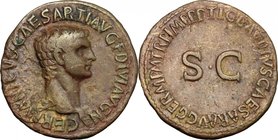 Germanicus (died in 19 AD). AE As, struck under Claudius, 50-54. D/ Head right. R/ Large SC surrounded by legend. RIC (Claudius; 2nd ed.) 106. AE. g. ...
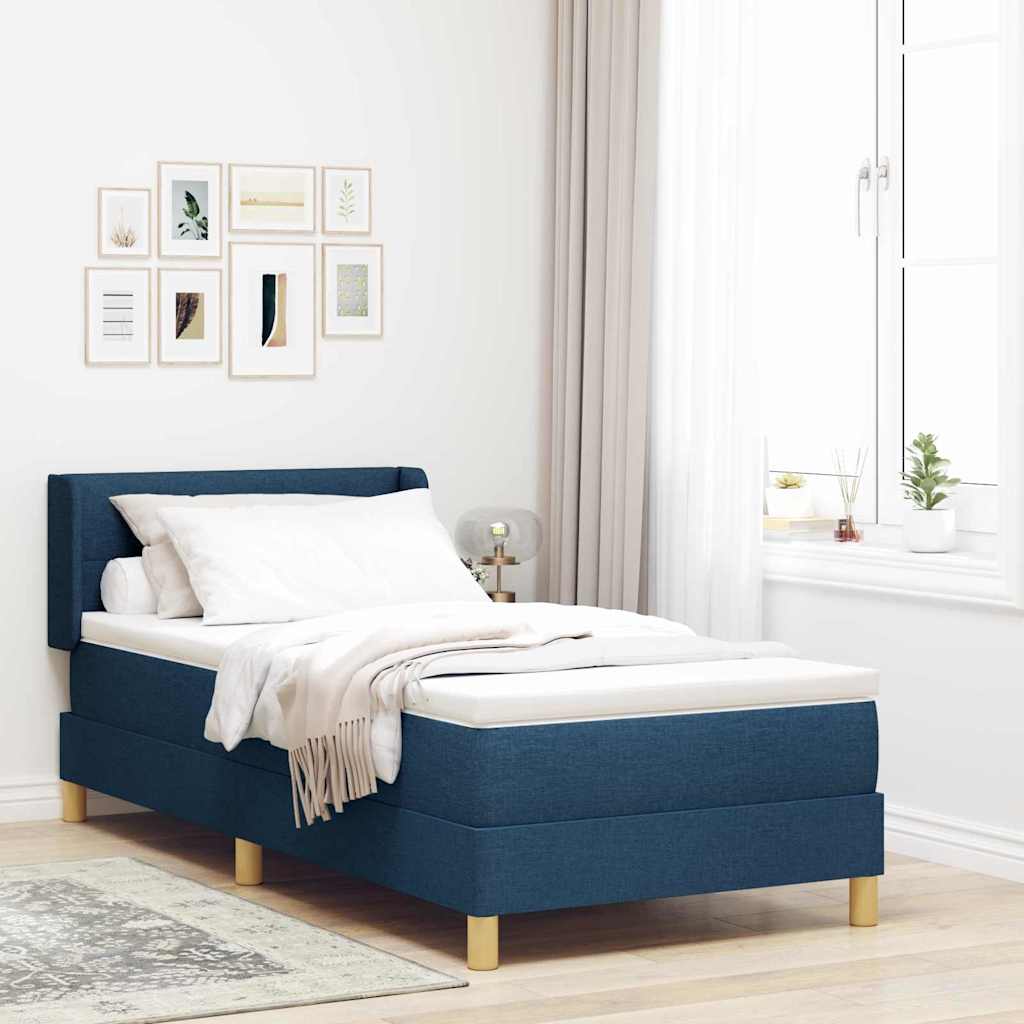 Boxspringbett Mit Matratze Stoff Blau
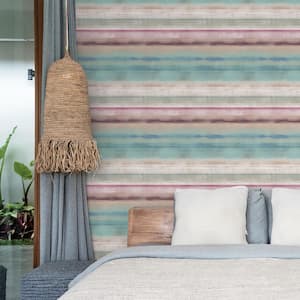 Atmosphere Turquoise/Magenta Metallic Skye Stripe Non-Pasted Non-Woven Paper Wallpaper Roll (Covers 57 sq.ft.)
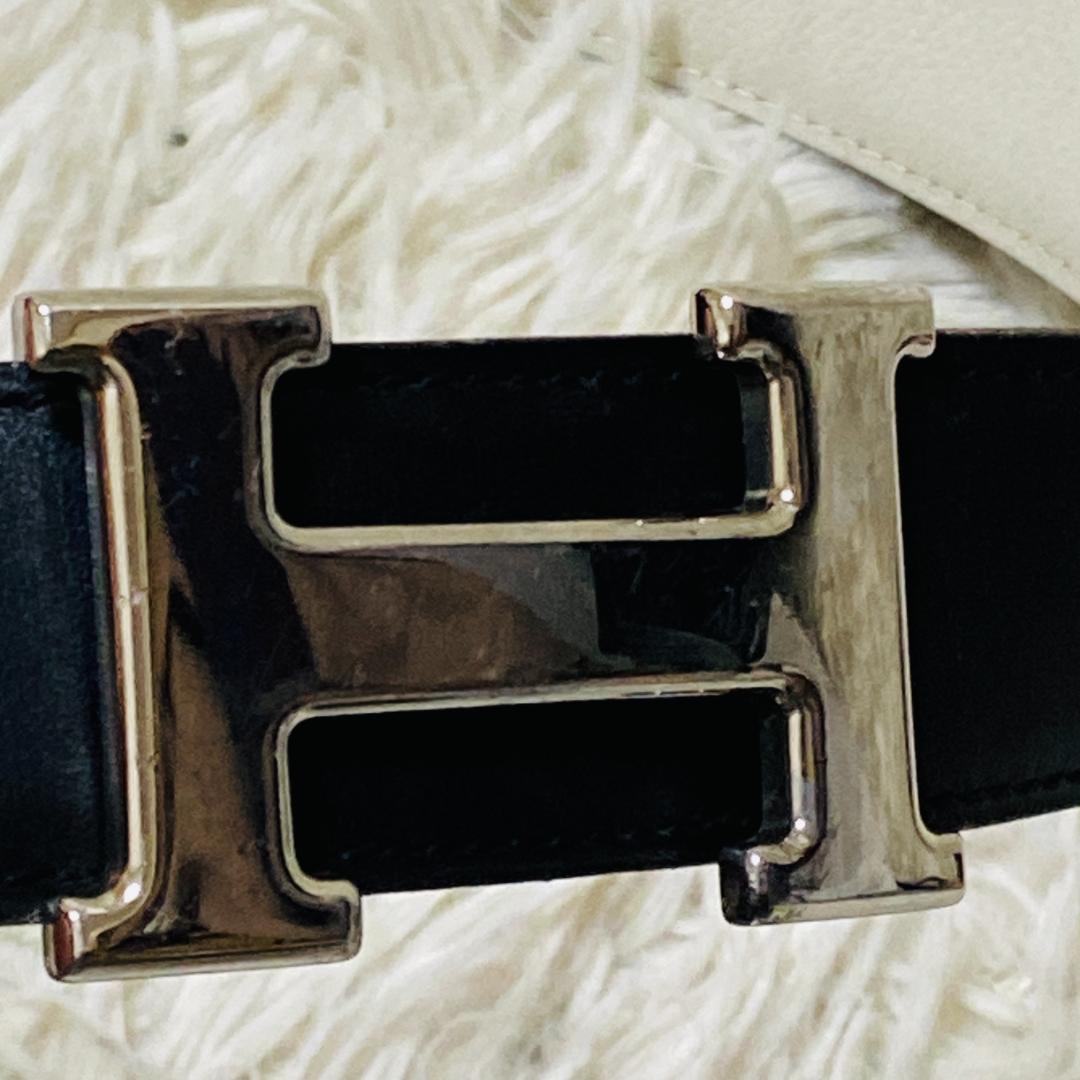 HERMES エルメス コンスタンス リバーシブルベルト 80 シルバー レザー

• _To do_
Repeat the data exactly in full, omitting its pictures.

• _Response area_
 Germanicus (died in 19 AD). AE As, struck under Claudius, 50-54. D/ Head right. R/ Large SC surrounded by legend. RIC (Claudius; 2nd ed.) 106. AE. g. ...
 Boxspringbett Mit Matratze Stoff Blau
 Atmosphere Turquoise/Magenta Metallic Skye Stripe Non-Pasted Non-Woven Paper Wallpaper Roll (Covers 57 sq.ft.)
 HERMES エルメス コンスタンス リバーシブルベルト 80 シルバー レザー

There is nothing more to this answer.